%%

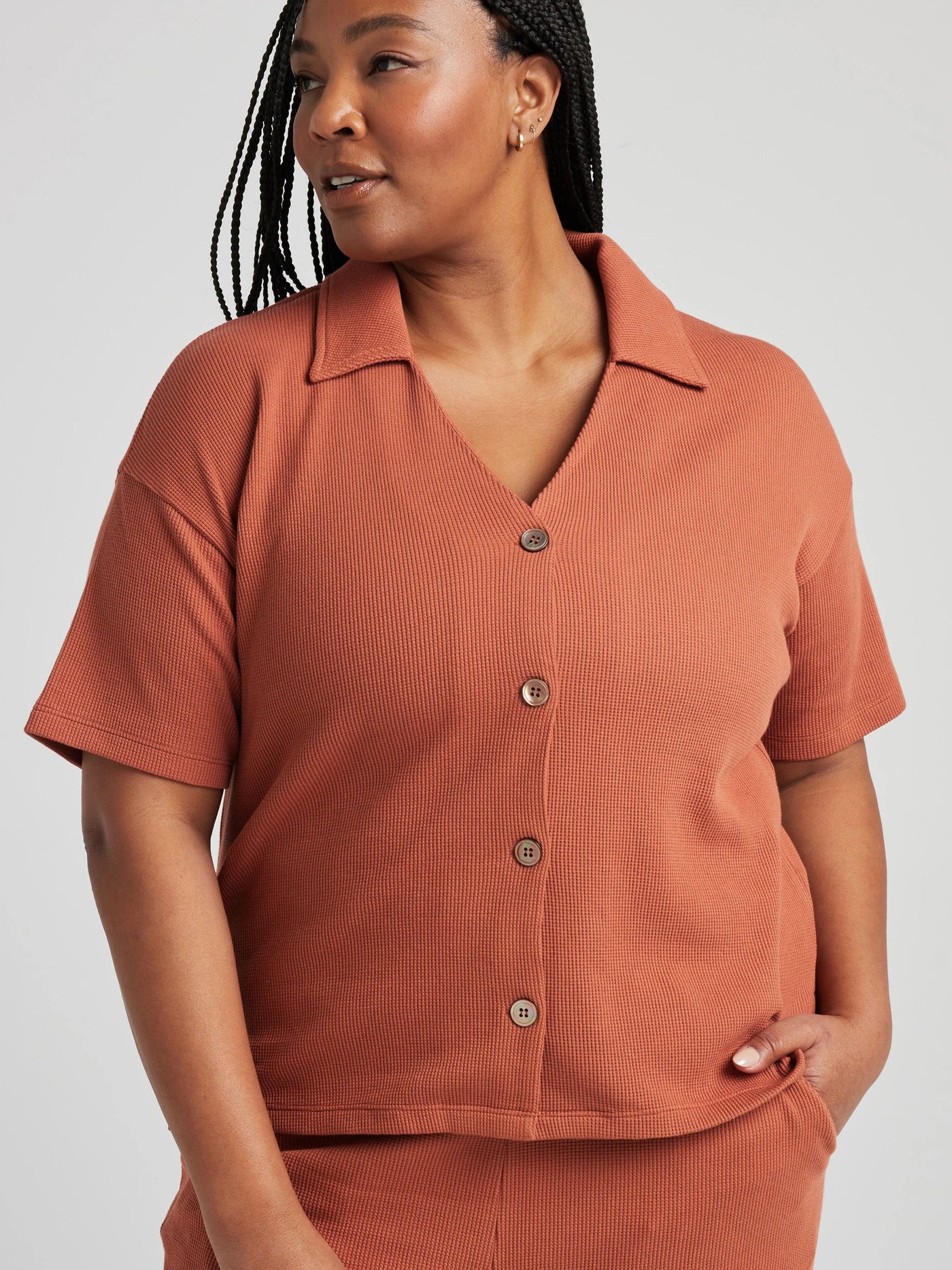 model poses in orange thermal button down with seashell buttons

%%
%%

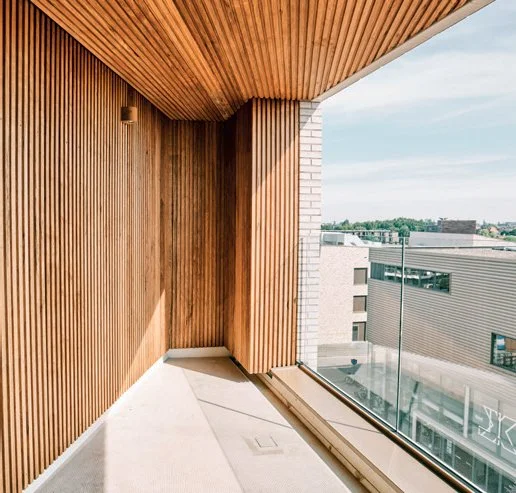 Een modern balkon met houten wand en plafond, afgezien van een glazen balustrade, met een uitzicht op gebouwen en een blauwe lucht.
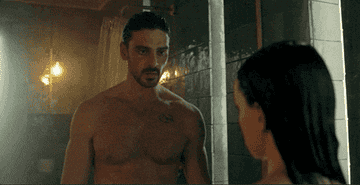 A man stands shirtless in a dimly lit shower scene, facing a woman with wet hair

%%
%%

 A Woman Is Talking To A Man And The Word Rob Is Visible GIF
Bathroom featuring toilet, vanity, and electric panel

%%

What you are asked to do: Only one stretch of the data is wanted: write out exactly the lines from the one holding "Een modern balkon" through the one holding "A man stands", both included, without the pictures.

Result below:
 Een modern balkon met houten wand en plafond, afgezien van een glazen balustrade, met een uitzicht op gebouwen en een blauwe lucht.
 A man stands shirtless in a dimly lit shower scene, facing a woman with wet hair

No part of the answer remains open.